Record Canada Day downpour floods 1,900 Ottawa basements and washes out celebrations

A record-breaking 118 millimetres of rain fell on Ottawa on Canada Day, flooding roads and basements and forcing the cancellation of celebrations across the capital, including the national ceremony and fireworks at LeBreton Flats. Mayor Mark Sutcliffe said more than 1,900 people called 3-1-1 to report flooded basements, a figure expected to rise, and described the storm as one of the worst in the past 25 years. The deluge shattered the previous July 1 rainfall record for Ottawa of 58.9 millimetres set in 1959.

A record-breaking rainstorm swamped Ottawa on Canada Day, dumping enough water in a matter of hours to flood roads and thousands of basements and to wash out the capital's birthday celebrations. What was meant to be a day of festivities instead turned into a scramble to bail out homes and clear waterlogged streets.

The numbers underscored just how extreme the storm was. A total of 118 millimetres of rain fell on the city, shattering the previous record for the most rain ever recorded in Ottawa on July 1, which had stood at 58.9 millimetres at the airport since 1959.

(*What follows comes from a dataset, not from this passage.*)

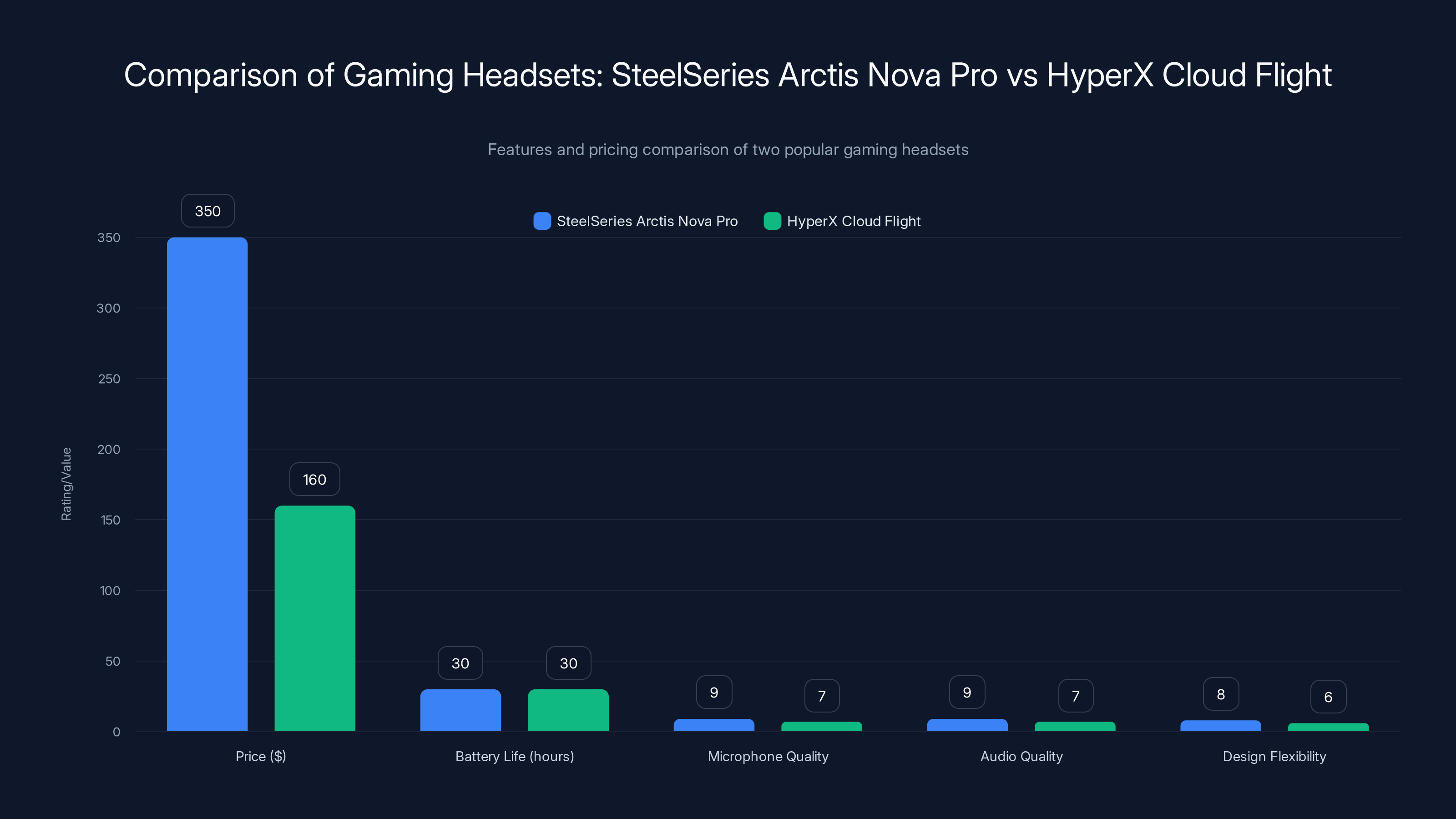 Comparison of Gaming Headsets: SteelSeries Arctis Nova Pro vs HyperX Cloud Flight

The flooding hit homes hard. Mayor Mark Sutcliffe said more than 1,900 people had called the city's 3-1-1 line to report that their basements had flooded, and he cautioned that the figure was likely to climb in the coming days as the volume of calls had made it difficult for agents to keep up.

Sutcliffe placed the storm among the most damaging in recent memory. He described the record-breaking rainfall as one of the worst storms to hit the city in the past 25 years, as residential neighbourhoods and major routes alike disappeared under water.

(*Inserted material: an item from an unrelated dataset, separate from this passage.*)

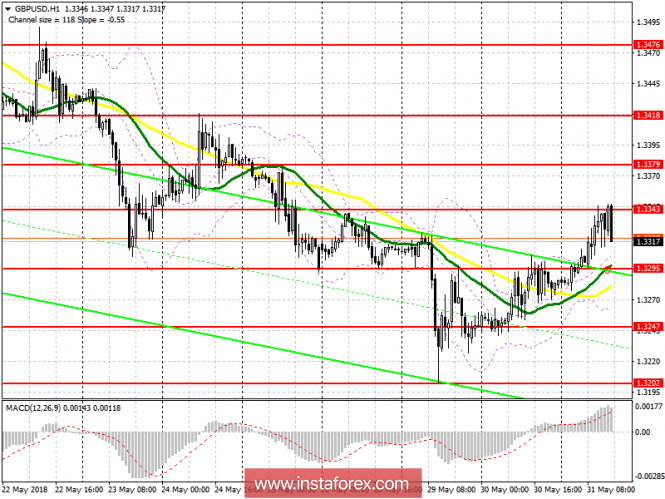 Trading plan for the US session on May 31 GBP / USD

The rain began in the early afternoon. Thunderstorms moved through the national capital region between about 1 p.m. and 2 p.m. on Wednesday, quickly overwhelming drainage systems and turning streets into channels of fast-moving water.

Roads across the city bore the brunt. Flooding was reported on residential streets and on Highways 416 and 417 through the afternoon and into the evening, with several routes temporarily closed as drivers were forced to turn back.

The celebrations themselves became a casualty. The federal government cancelled the evening show portion of the national Canada Day ceremony at LeBreton Flats Park, including the fireworks, as the extreme weather made large outdoor gatherings unsafe.

With cleanup only just beginning, the storm capped a stretch of punishing weather across the region, where a heat wave had already been building. For Ottawa residents, the holiday ended not with fireworks but with wet basements, closed roads and the start of a long recovery.